And equally so, the Minister has said that centralisation of category procurement is going to happen, and we are not going to make that happen through collaboration and in the hope that people will come along and participate and collaborate. It will be done through mandatory policies. It will all be done by saying that there is a better way to buy telecoms, and it is not through the IT services providers that currently each department employ, but it is best done by government buying telephones on behalf of the government.

The same is the case for our commoditised IT; the same is the case for those office supplies and solutions; that there is a more effective and efficient way to supply. We will apply that supply strategy specific to the category and be held accountable for delivering the results that we believe are achievable.

The Efficiency and Reform Group have already made good progress, their contract renegotiations are expected to deliver £800 million of savings this year.

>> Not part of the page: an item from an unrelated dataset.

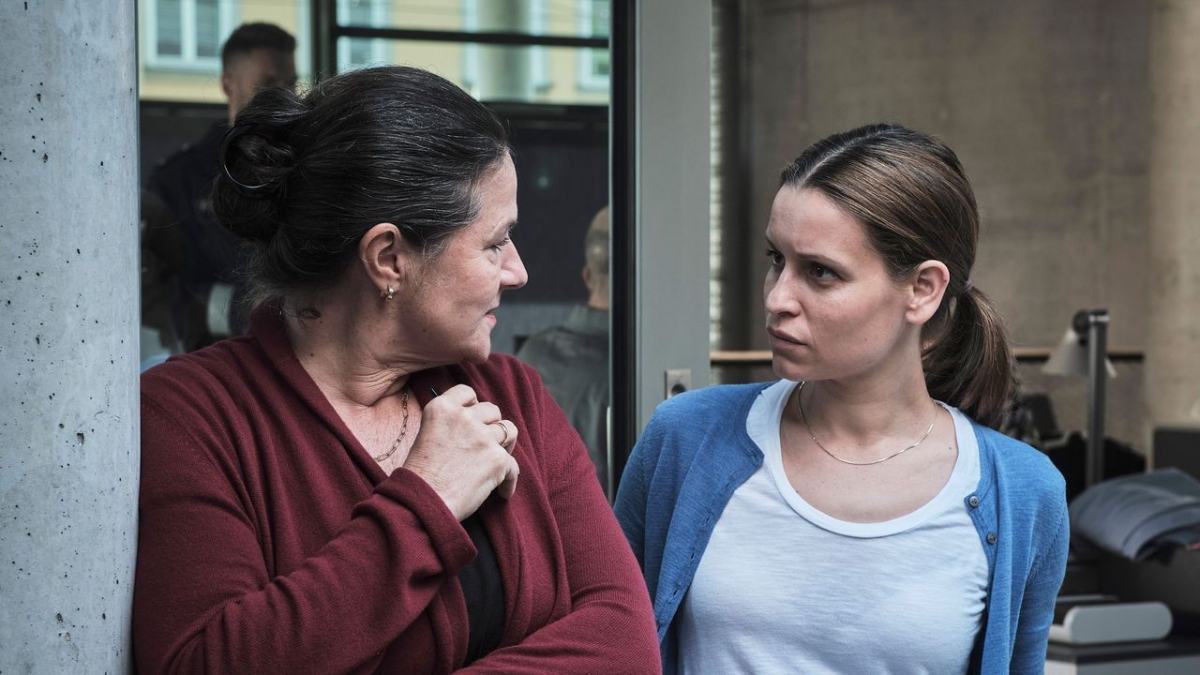 Tod am Rennsteig bei Das Erste (Foto)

SB: And what is going to be your mechanism for reporting the savings that have been made, and of course we are very interested, the readership of Supply Management is very interested in this. Will there be a quarterly briefing or how do you plan to actually do it?

JC: We have got a benefits tracking tool in place. Some of the things I have discovered that have pleased me in the first six weeks is that there is a number of great tools currently in place. One of the tools is a proprietary system that they use called Primeline, and I have decided that Primeline will become a benefits tracking system that we will then use to track the information in accordance with the new NAO guidelines for tracking and recording savings, and I will be held accountable for reporting that information to the Minister. So a monthly heads of profession meeting.

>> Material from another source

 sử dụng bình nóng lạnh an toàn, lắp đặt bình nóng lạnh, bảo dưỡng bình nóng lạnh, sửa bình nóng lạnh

SB: Since the development of the ERG, and the OGC being subsumed into it, what is the future for the OGC and indeed for Buying Solutions? It seems that a lot of its work has been subsumed.

JC: A lot of the work that the OGC and Buying Solutions have done in the past is still going on. We haven’t actually stopped any of that work, but it will be done on the basis that we here at ERG is to identify what is working well. For example the benefits tracking tool that I have just referred to or probably the best example that I uncovered as a consequence of getting in here and just looking round and supporting the Green Review was the fantastic work that is happening with regards to energy. One of the things that perhaps the government has not been as good at in the past is communicating what it does well as instances around best practice. I think we have to do that much more.

I see it as a primary purpose of my job to identify that best practice, but leveraging more effectively across central government, and then to make that available to the wider public sector. A good example of that is that buying solutions and the OGC that was supporting them, a company managing 75 per cent of the UK public sector energy expenditure. The issue is that it has taken us four years to get to that point of 75 per cent employment to essentially negotiate strategy and build.

As Philip Green correctly pointed out the issue there is, it shouldn’t have taken you four years to get there, but it took four years to get there because the only tool we had to get there was the collaborative procurement agenda. Any organisation knows that the first thing that they have to negotiate a better deal with suppliers is the ability to standardise specifications, and aggregate more effectively. It is that very simple premise I am taking forward with this particular agenda.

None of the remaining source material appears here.